If you’ve been vacationing on the far side of the moon, you may be unaware that Apple released a mess of hardware and software two weeks ago, including iOS 6. If you’re back on Earth and you haven’t installed iOS 6 by now, you’ve doubtless noticed your iOS device (assuming that it’s of fairly recent vintage) trying to gain your attention by badging various icons and generally nagging you to upgrade your system software. At the same time, numerous apps have already been revised for compatibility with iOS 6, and this process can be expected to continue for a while. The excitement is palpable.
For me, though, the exciting part of a new iOS release isn’t the visible system-level changes and built-in apps. iPad finally gets a clock? It’s about time. (Ha ha.) Customizable photo streams? Whatever. Facebook integration? Gag me with a spoon. Siri can launch apps? Should have done this all along. And if Apple feels like jumping the shark by throwing the Google Mobile Maps service out the window in favor of its own maps, that’s fine.
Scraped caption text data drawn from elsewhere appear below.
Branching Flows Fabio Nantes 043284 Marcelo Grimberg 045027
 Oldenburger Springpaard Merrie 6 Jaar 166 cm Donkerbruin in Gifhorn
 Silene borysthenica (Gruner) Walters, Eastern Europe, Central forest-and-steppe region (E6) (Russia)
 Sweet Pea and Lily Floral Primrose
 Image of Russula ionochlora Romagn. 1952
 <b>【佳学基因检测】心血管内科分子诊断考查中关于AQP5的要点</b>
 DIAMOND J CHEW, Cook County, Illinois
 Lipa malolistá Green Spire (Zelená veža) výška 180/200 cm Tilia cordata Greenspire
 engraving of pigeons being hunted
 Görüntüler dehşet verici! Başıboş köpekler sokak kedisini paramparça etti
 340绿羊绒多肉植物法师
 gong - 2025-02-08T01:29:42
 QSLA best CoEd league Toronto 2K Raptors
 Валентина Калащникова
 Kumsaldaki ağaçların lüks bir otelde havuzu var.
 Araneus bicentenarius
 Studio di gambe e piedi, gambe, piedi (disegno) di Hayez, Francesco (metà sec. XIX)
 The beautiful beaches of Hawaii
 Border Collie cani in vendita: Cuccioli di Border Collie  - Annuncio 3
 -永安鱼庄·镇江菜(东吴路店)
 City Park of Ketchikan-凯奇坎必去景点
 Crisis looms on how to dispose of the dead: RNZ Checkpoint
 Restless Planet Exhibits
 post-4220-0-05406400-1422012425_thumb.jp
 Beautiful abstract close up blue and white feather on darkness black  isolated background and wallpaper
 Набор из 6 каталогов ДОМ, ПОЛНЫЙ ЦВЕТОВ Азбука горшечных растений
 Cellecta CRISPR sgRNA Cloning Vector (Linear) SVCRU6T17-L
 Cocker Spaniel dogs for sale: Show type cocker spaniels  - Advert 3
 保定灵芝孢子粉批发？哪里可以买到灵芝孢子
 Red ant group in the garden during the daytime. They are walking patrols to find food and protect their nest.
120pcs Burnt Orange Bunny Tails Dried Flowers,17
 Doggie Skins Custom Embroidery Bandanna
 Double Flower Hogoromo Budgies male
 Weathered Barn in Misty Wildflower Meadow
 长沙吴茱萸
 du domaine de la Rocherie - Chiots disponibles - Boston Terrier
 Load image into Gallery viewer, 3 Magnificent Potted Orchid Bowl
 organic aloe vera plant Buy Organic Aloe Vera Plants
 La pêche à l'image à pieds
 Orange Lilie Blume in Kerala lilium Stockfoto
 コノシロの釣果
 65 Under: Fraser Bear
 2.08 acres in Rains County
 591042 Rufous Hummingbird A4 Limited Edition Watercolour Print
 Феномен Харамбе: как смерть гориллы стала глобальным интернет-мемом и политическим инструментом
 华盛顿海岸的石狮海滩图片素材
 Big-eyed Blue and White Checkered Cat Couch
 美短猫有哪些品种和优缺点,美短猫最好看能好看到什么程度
To me, the fun of iOS is programming it. iOS is a wonderful platform to program; that’s why I wrote a book about it (“Programming iOS 5”). What interests me about a new iOS release is what it lets developers do. And you should care about this too, because what developers can do affects what they’ll build into apps when writing or rewriting them to adopt iOS 6 features. And that, in turn, affects what you will see and what you’ll be able to do.
Almost a year ago (see “How iOS 5 Will Affect Developers — and You,” 17 October 2011), I described certain aspects of the then newly released iOS 5 from a developer’s point of view, and made some predictions (which turned out to be extraordinarily accurate and prescient) about how these would affect what users would see on the screens of their iOS devices. This article attempts to do the same for iOS 6. As in my earlier article, I stress that there’s nothing here you couldn’t deduce for yourself; my sources are mostly Apple’s own release notes.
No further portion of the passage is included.